RECORDS FOR THIS EXERCISE: Begin

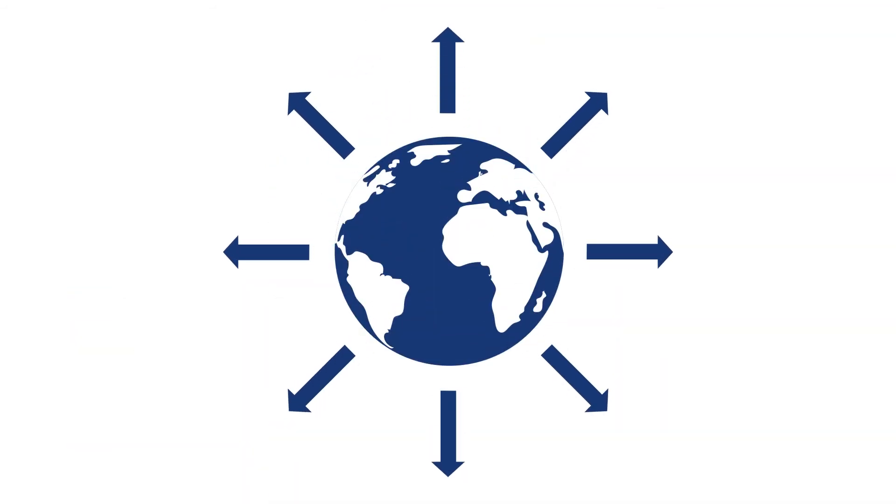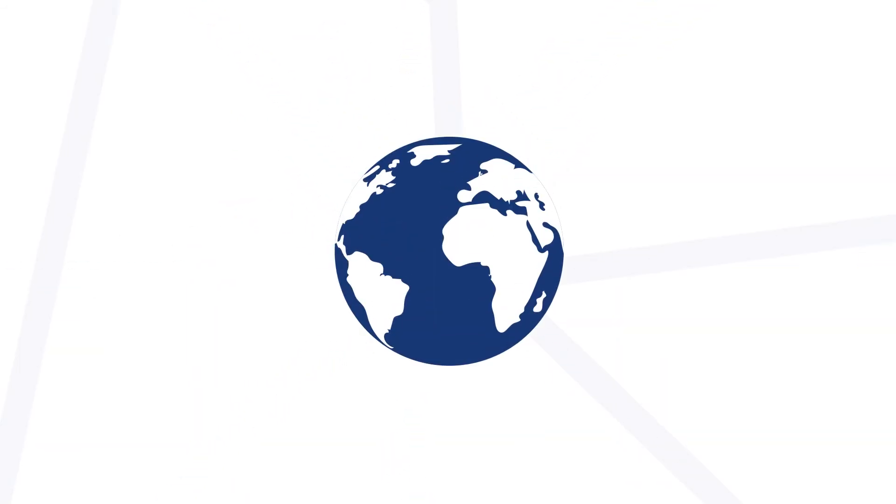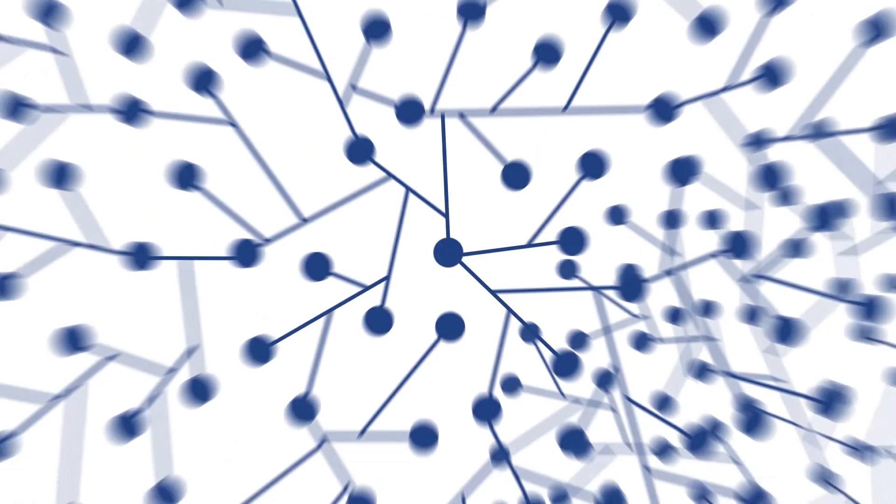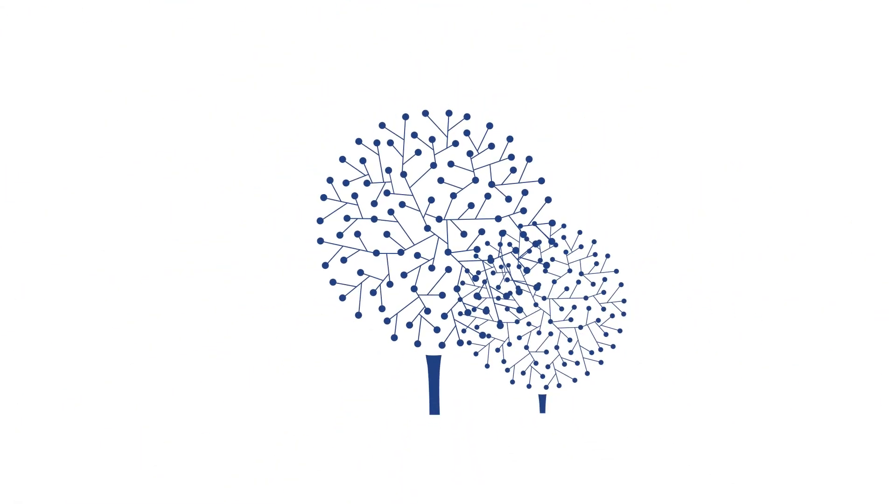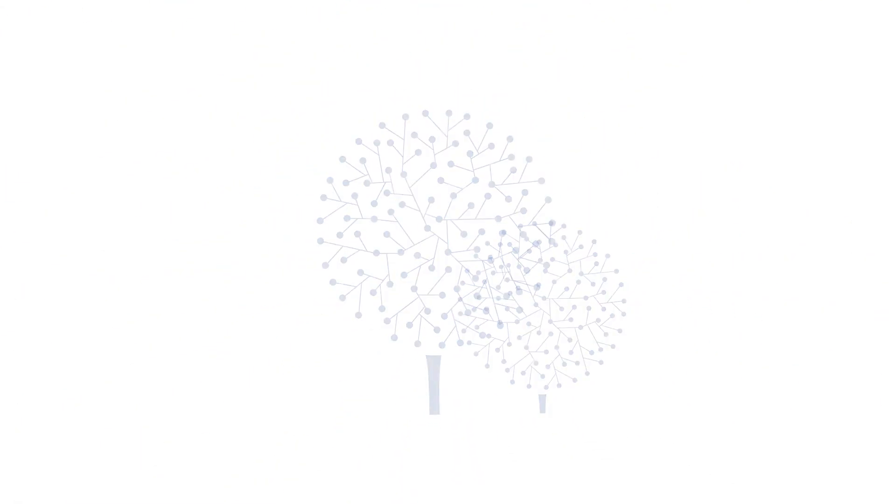They look at our world and see opportunities in its complexity. They connect the dots to form the bigger picture.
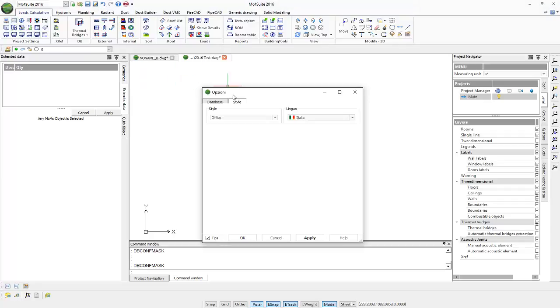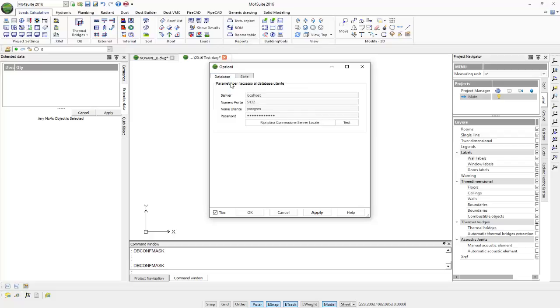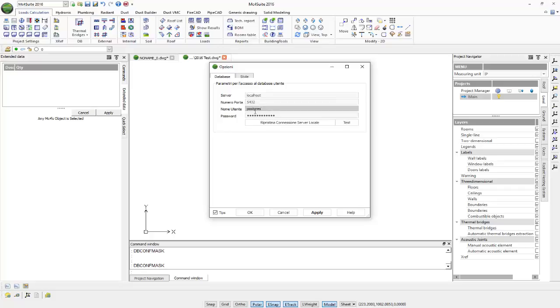By having our options window open, in our database tab, we have the access parameters for our user database. We have our server, which is localhost, our port number, which is 5432, our username, and our password.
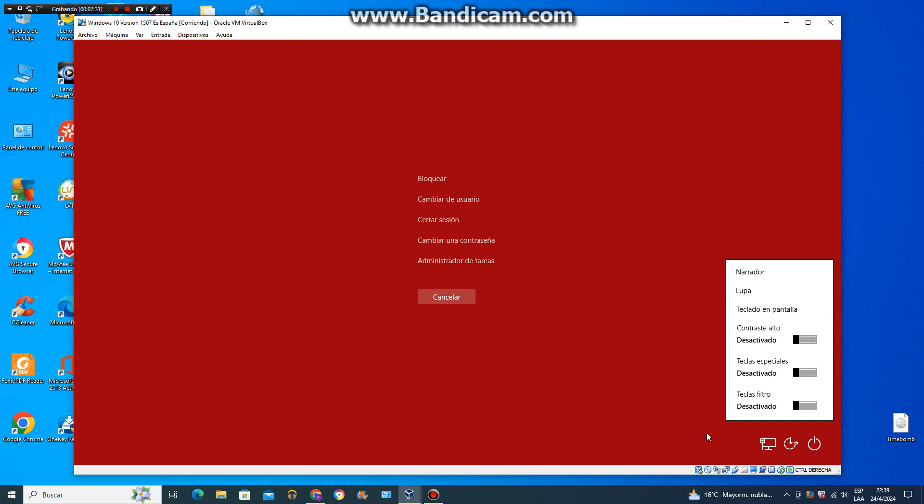Teclas especiales. Presionar métodos abreviados de teclado una tecla cada vez. Teclas filtro. Omitir las pulsaciones adicionales. Narrador. Hacer que el texto en pantalla se lea en voz alta.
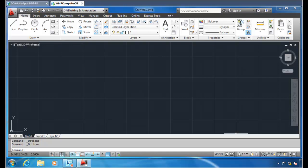Hi, everybody. This is Jeremy Moskowitz, Group Policy MVP and founder of PolicyPak Software. And in this video, we're going to learn how to configure and manage AutoCAD 2012 using Group Policy and PolicyPak. So let's get started.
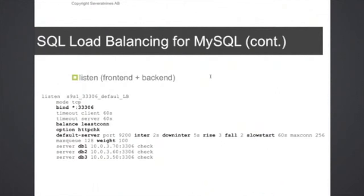Fall is similar as the rise parameter but it's used to determine when the backend server is considered being down instead. And in this case after two seconds.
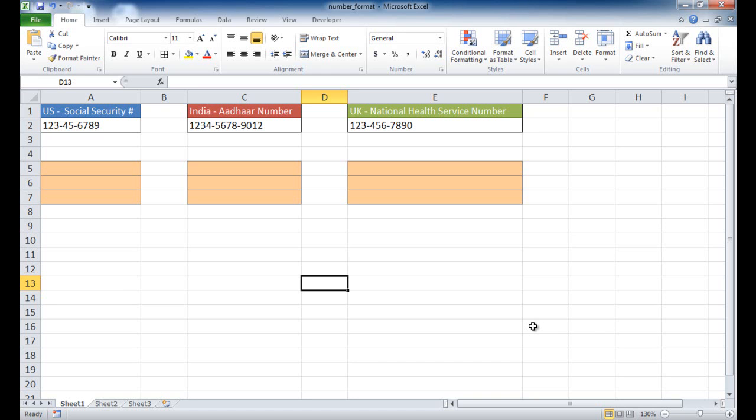Hi, in this session I'm going to show you how to display numbers in a National Identity Number format. A National Identity Number format could be something where in the United States you have the Social Security Number, maybe in India you'd have the Aadhaar Number, and in the UK there would be something like the National Health Service Number.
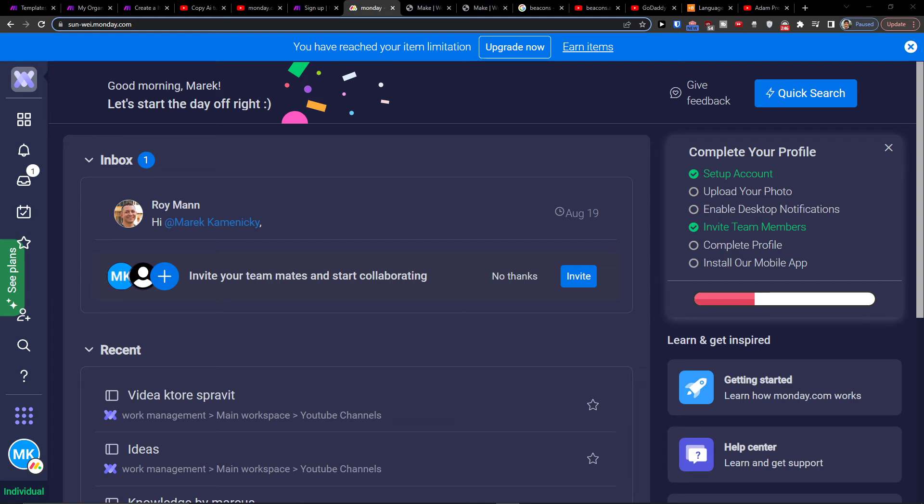Hey there guys, my name is Markus and in this video I will show you two ways how you can integrate Monday.com with Salesforce.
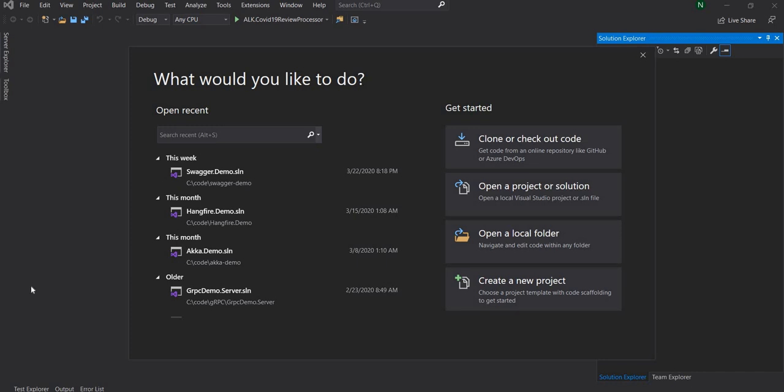Hello everyone and welcome to .NET Core Central. In today's video I'm going to discuss how to implement health check using the out-of-box health check middleware provided by ASP.NET Core. This middleware is something available with ASP.NET Core 3.1, so to do that I'm going to first create a project in ASP.NET Core 3.1.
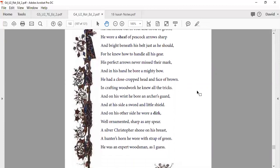And on his side a sword and a little shield, and on all his other side he wore a dagger, well-anointed, sharp as a spear. A silver Christopher shone on his breast. A hunter's horn he wore in the strap of green. He was an expert woodman, I guess.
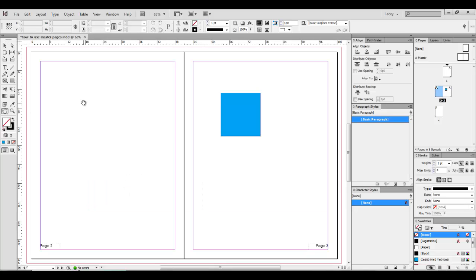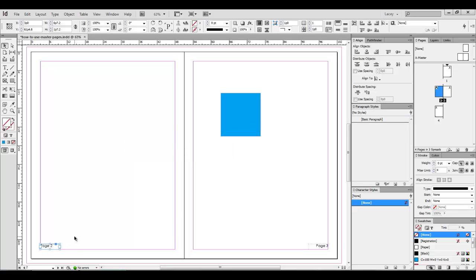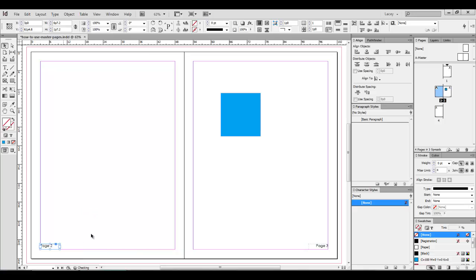To override a master object, it's pretty simple. While selecting the object, hold down CTRL and SHIFT. You'll see now that the dotted border has disappeared and has changed to a solid. Now you can edit this specific instance or even delete it. It's completely up to you.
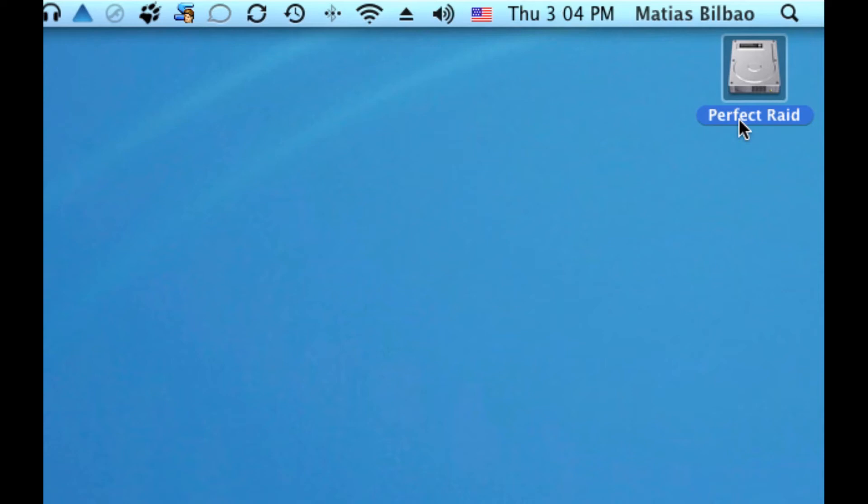HD stands for hard drive. And that is a default name that comes with your Mac for your startup hard drive. In my case, I just renamed it. And you can rename yours. It's pretty simple. You can call it anything you want. It will make no difference to the machine.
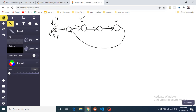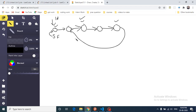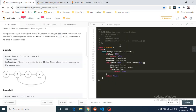If the fast pointer and slow pointer meet somewhere, it guarantees there is a cycle. If they do not meet, or if the fast pointer reaches a null pointer, it means the linked list does not have a cycle. This works because the fast pointer moves at twice the speed of the slow pointer. Since they are moving at different speeds within the loop, they are bound to meet at a certain point. If they had the same speed, the distance between them would remain constant and they would never meet.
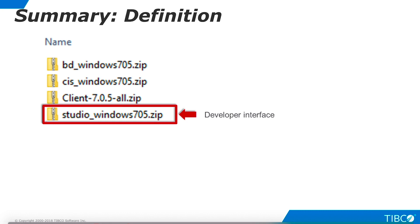Therefore, you will need to install Studio on a Windows machine, regardless of the operating system you are using for TDV Server and Business Directory.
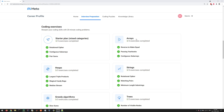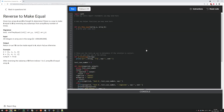Let's get started with the first arrays question: 'reverse to make equal.' Here's the problem description — you have two arrays A and B of length N. Determine if there's a way to make A equal to B by reversing any subarrays from array B any number of times. In the example, reversing the subarray from indices 1 to 3 in B gives you A, so the answer is true.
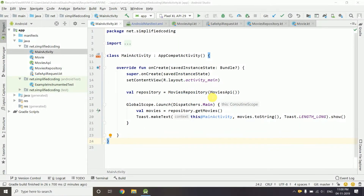Hi everyone, this is Bilal Khan and you are watching Simplified Coding. In this video we will create a fragment and the ViewModel to get the movie list from our repository.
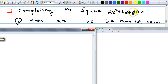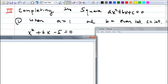Use completing the square when a = 1, b is even, and c is an integer. If c is a fraction, you'd need to multiply both sides by the denominator and then a wouldn't be 1 anymore. Example: x² + 6x − 5 = 0. Is this factorable? We need two numbers that multiply to −5 and add to 6 — no such integers exist, so it doesn't factor. But a = 1 and b = 6 is even, so completing the square is ideal.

RECORDS FOR THIS EXERCISE: End

*PROBLEM*
In the data above, please extract the lines from the first one through the line with "Hi, everybody. This", exactly, and keep pictures out.

*EXERCISE RESULT*
They look at our world and see opportunities in its complexity. They connect the dots to form the bigger picture.
By having our options window open, in our database tab, we have the access parameters for our user database. We have our server, which is localhost, our port number, which is 5432, our username, and our password.
Teclas especiales. Presionar métodos abreviados de teclado una tecla cada vez. Teclas filtro. Omitir las pulsaciones adicionales. Narrador. Hacer que el texto en pantalla se lea en voz alta.
Hi, everybody. This is Jeremy Moskowitz, Group Policy MVP and founder of PolicyPak Software. And in this video, we're going to learn how to configure and manage AutoCAD 2012 using Group Policy and PolicyPak. So let's get started.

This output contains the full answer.